Installation

Stable release

To install Questions, run this command in your terminal:

$ pip install questions

This is the preferred method to install Questions, as it will always install the most recent stable release.

If you are using Python 3.7 or earlier, you will need to install the typing-extensions package too. This is not required from Python 3.8 onwards.

$ pip install typing-extensions

If you don’t have pip installed, this Python installation guide can guide you through the process.

From sources

The sources for Questions can be downloaded from the Github repo.

You can either clone the public repository:

$ git clone git://github.com/cguardia/questions

Or download the tarball:

$ curl -OJL https://github.com/cguardia/questions/tarball/master

Once you have a copy of the source, you can install it with:

$ python setup.py install

Installing SurveyJS locally

Questions can be used without installing the SurveyJS Javascript resources, because by default it gets all resources from a CDN, but sometimes it’s necessary to install all resources locally. Questions does its best to make that as easy as possible.

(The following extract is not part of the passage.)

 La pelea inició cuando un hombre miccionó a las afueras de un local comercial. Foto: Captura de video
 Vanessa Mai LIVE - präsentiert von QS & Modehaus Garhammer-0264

The easiest way to install SurveyJS is to use npm. This is also the recommended way to go if your project will be using other JS modules. Simply add the SurveyJS module corresponding to your platform to the dependencies section in your package.json file:

  • survey-angular

  • survey-jquery

  • survey-knockout

  • survey-react

  • survey-vue

It’s also necessary to add the SurveyJS custom widgets (surveyjs-widgets), since they are included in Questions.

If you have npm available, but are not building a JS application and only want the SurveyJS resources, create a directory for static resources in your Python web application project, and do the following:

$ mkdir static
$ cd static
$ npm install survey-knockout
$ npm install surveyjs-widgets

These commands will download the complete set of resources for the selected platform. After they complete successfully, the files will be under ./static/node_modules/.

If npm is not available, or you can’t use it, Questions includes a command line script to download the required files. Make sure your virtual environment is activated (or use the full path to the bin directory) and run this command:

$ download_surveyjs path/to/static/dir {platform} {theme}

The platforms are:

  • angular

  • jquery

  • knockout

  • react

  • vue

The themes are:

  • default (legacy)

  • defaultV2

  • bootstrap (legacy)

  • modern

The default theme is named defaultV2. There is an older default theme that is now considered legacy. The old bootstrap theme is also legacy and deprecated. This command will download all the required resources to the directory specified. This is by far the simplest way to get running if you don’t plan to do any javascript development as part of your application.

Independently of the method you use to download the resources. You will need to set up your application to use the resulting resource directory. If all resources are present in the same directory, all that is needed is to pass in the URL for this directory when creating the form, like this:

form = Form(resource_url="/static/your/path")

If the resources are stored using npm or a different directory layout, it will be necessary to add the resource definitions to the HTML templates by hand. How to do this varies from framework to framework. In Flask, the following will work, assuming you are using the default static directory:

<script src="{{ url_for('static',
    filename='npm_modules/survey-knockout/survey.ko.min.js') }}">
</script>

<link rel="stylesheet" href="{{ url_for('static',
    filename='npm_modules/survey-knockout/survey.css') }}" />

Resources vary by platform, theme and types of questions used. To make sure you have all the required resources for your application, Questions includes a script to list them:

$ list_resources {platform} {theme}

This will list all required resources. Note that custom widgets, like Select2, require extra JS and CSS resources. To find out if the question types you are using depend on extra resources, add the ‘–include-widgets` flag to the command.